SOMEONE IS SICK, coughing instead of moaning. Coughing for real. And Soul Towel Zombie is telling anyone who will listen about the movie Gates of Hell and how that poor actress had to swallow still-warm sheep entrails for the effect of vomiting up her en
tire intestinal tract. Cigarette Zombie stops coughing, then lights another cigarette off the orange nub of her last one before she drops it.
“Now that’s a chain smoker,” Sour Towel Zombie laughs. “When you light one off one and they’re both yours? Time to quit! And why don’t you ever flick ‘em for dramatic effect?”
I leave them crouched down next to the porch and navigate the gas meters and gutters. It’s my turn on scout duty, recon, psychological warfare. I scratch around the aluminum siding until I find a good window to peek inside. I can see the beautiful bed, the carefully made bed, the bed with the big, pink, fluffy comforter and someone’s shiny, new suitcase dead center in the middle of it. Then two Camels appear, the women, arms flailing away and gesturing to the bed, both apparently explaining why it should be hers. I snicker. They must have already located the other bed, the damp mattress in the corner of the unfinished family room (or “Tetanusville,” as Mags calls it, “Spiderville to the locals.”) One of the Camels eventually leaves, defeated, and the other walks to the bathroom and clicks on the light over the mirror. She checks the lines of her face, then places a sickly green Tupperware bowl of a squirming something on the edge of the tub to soak. I blink a few extra times as I realize what it is. Then the other Camel storms back in, still yelling, and I take off.

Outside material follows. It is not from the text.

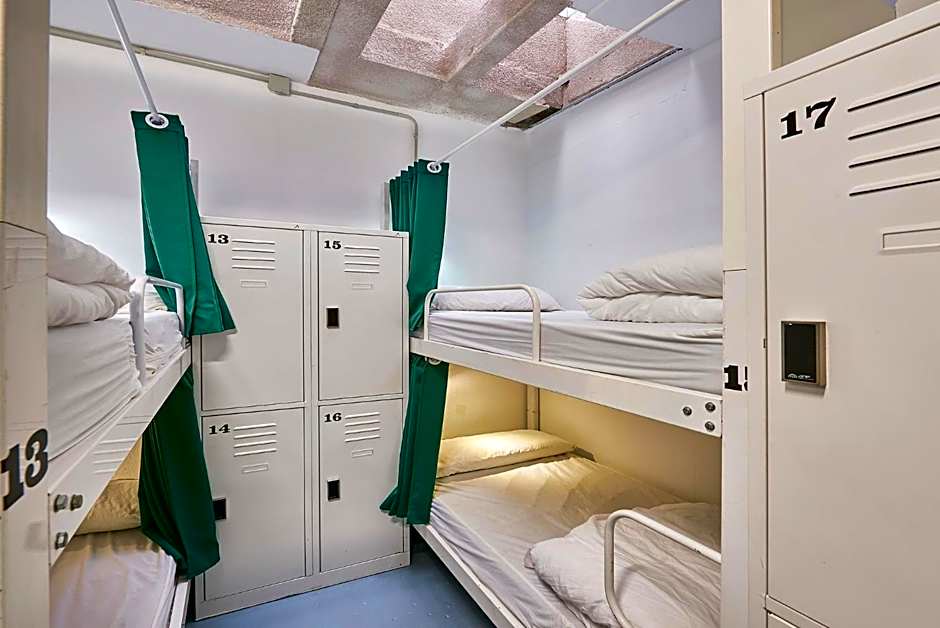 Hola Hostal Collblanc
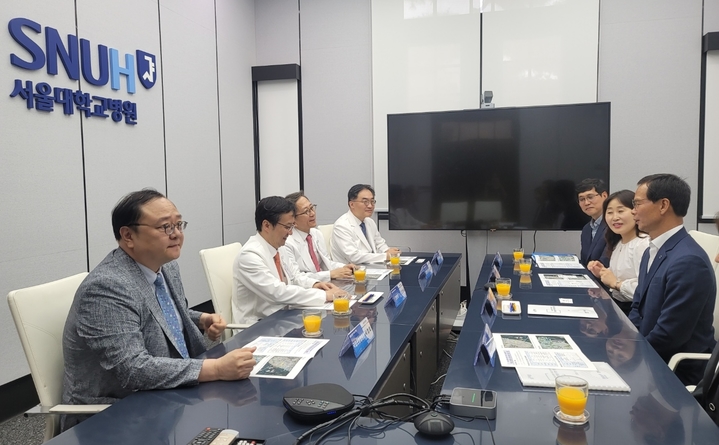 [음성=뉴시스] 강신욱 기자 = 조병옥 충북 음성군수가 8일 서울대병원을 방문해 국립소방병원의 성공적인 개원을 위한 우수 의료인력 확보 방안 등을 논의하고 있다. (사진=음성군 제공) 2023.06.08. photo@newsis.com *재판매 및 DB 금지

When I come back down the Joshua Bush, everyone is shuffling in a circle, killing time between attacks, and Cigarette and Sour Towel Zombie are still arguing.
“I’ve seen that movie!” Cigarette Zombie almost yells. “There’s way worse than that.”
“Like what?”
“Like Beyond Re-Animator, zombie schlong vs. rat during the end credits. Or even your precious Braindead, uh, I mean, Dead Alive, where the dude’s rectum flops out and then runs amok around the house. Hell, it even tries to groom itself in a mirror at one point, like comb its gnarly little head with tiny bladders.”
“Yeah, that scene’s okay,” Sour Towel Zombie has to admit. “But everything in that movie is overshadowed by the Greatest Moment Of All Time.”